Este tabú ha bloqueado las reformas que hubieran exigido revisar posiciones dogmáticas anteriores
Tanto más sorprendente resulta entonces que la discusión sobre la
infalibilidad haya desaparecido del mapa. Muchos teólogos católicos,
temerosos de sanciones amenazantes como las dirigidas contra mí, apenas
se han ocupado ya críticamente con la ideología de la infalibilidad, y
la jerarquía procura siempre que es posible evitar este tema impopular
en la Iglesia y la sociedad. Solo en contadas ocasiones ha invocado
expresamente Joseph Ratzinger, como prefecto de la fe, esa doctrina.
Pero el tabú de la infalibilidad ha bloqueado de manera tácita desde el
Concilio Vaticano II todas las reformas que hubieran exigido revisar
posiciones dogmáticas anteriores. Esto no vale solo para la encíclica
Humanae vitae,
contraria a la anticoncepción, sino también para los sacramentos y el
monopolio del magisterio “auténtico”, o para la relación entre
sacerdocio particular y universal; sino que atañe asimismo a la
estructura sinodal de la Iglesia y a la pretensión absoluta de poder del
papa, así como a la relación con otras confesiones y religiones y con
el mundo laico en general.

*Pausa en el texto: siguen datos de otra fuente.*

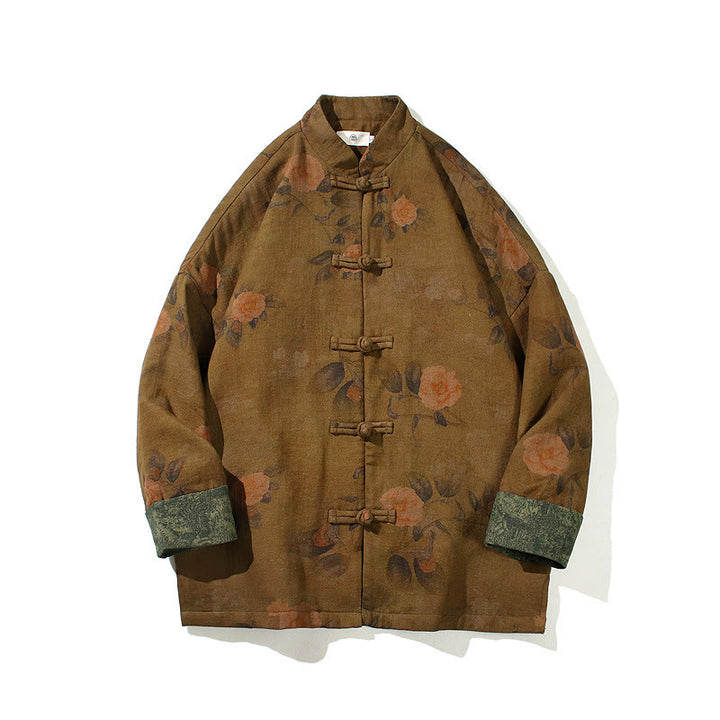 Chaqueta de algodón de manga larga para hombre con estampado floral primaveral y botones de rana chinos, con Buddha Stones. - image 19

Por eso se vuelve más acuciante que nunca la
pregunta: “¿Hacia dónde se dirige a comienzos del siglo XXI esta Iglesia
que sigue teniendo la fijación del dogma de la infalibilidad?”. La
época antimoderna, anunciada por el Concilio Vaticano I, ha concluido
hoy de una vez por todas.
Ahora que cumplo 88 años, puedo decir que no he escatimado esfuerzos para reunir en el quinto volumen de mis
Obras completas
los numerosos textos pertinentes, ordenarlos cronológica y
temáticamente según las distintas fases de la discusión y aclararlos a
través del contexto biográfico. Con este libro en la mano quisiera ahora
repetir un llamamiento al Papa que, a lo largo de decenios de discusión
teológica y político-eclesiástica, he formulado en múltiples ocasiones
siempre en vano. Ruego encarecidamente al papa Francisco, quien siempre
me ha respondido fraternalmente:
“Acepte esta amplia documentación y permita que tenga lugar en
nuestra Iglesia una discusión libre, imparcial y desprejuiciada de todas
las cuestiones pendientes y reprimidas que tienen que ver con el dogma
de la infalibilidad. De este modo se podría regenerar honestamente el
problemático legado vaticano de los últimos 150 años y enmendarlo en el
sentido de la Sagrada Escritura y de la tradición ecuménica. No se trata
de un relativismo trivial que socava los cimientos éticos de la Iglesia
y la sociedad. Pero tampoco de un inmisericorde dogmatismo que mata el
espíritu empecinándose en la letra, que impide una renovación a fondo de
la vida y la enseñanza de la Iglesia y bloquea cualquier avance serio
en el terreno del ecumenismo. Y mucho menos se trata para mí de que se
me dé personalmente la razón. Está en juego el bien de la Iglesia y de
la ecúmene.
Mantener el debate sería para mí cumplir una esperanza a la que nunca he renunciado
Soy muy consciente de que mi ruego posiblemente le resulte inoportuno
a alguien que como usted, en palabras de un buen conocedor de los
asuntos vaticanos, vive
entre lobos. Pero, confrontado el
pasado año con los males de la curia e incluso con los escándalos, ha
confirmado usted con valentía su voluntad de reforma en el discurso de
Navidad pronunciado el 21 de diciembre de 2015 ante la curia romana:
‘Considero que es mi obligación afirmar que esto ha sido —y lo será
siempre— motivo de sincera reflexión y decisivas medidas. La reforma
seguirá adelante con determinación, lucidez y resolución, porque
Ecclesia semper reformanda’.
No quisiera exacerbar, en detrimento de todo realismo, las esperanzas
que abrigan muchos en nuestra Iglesia; la cuestión de la infalibilidad
no admite en la Iglesia católica una solución de la noche a la mañana.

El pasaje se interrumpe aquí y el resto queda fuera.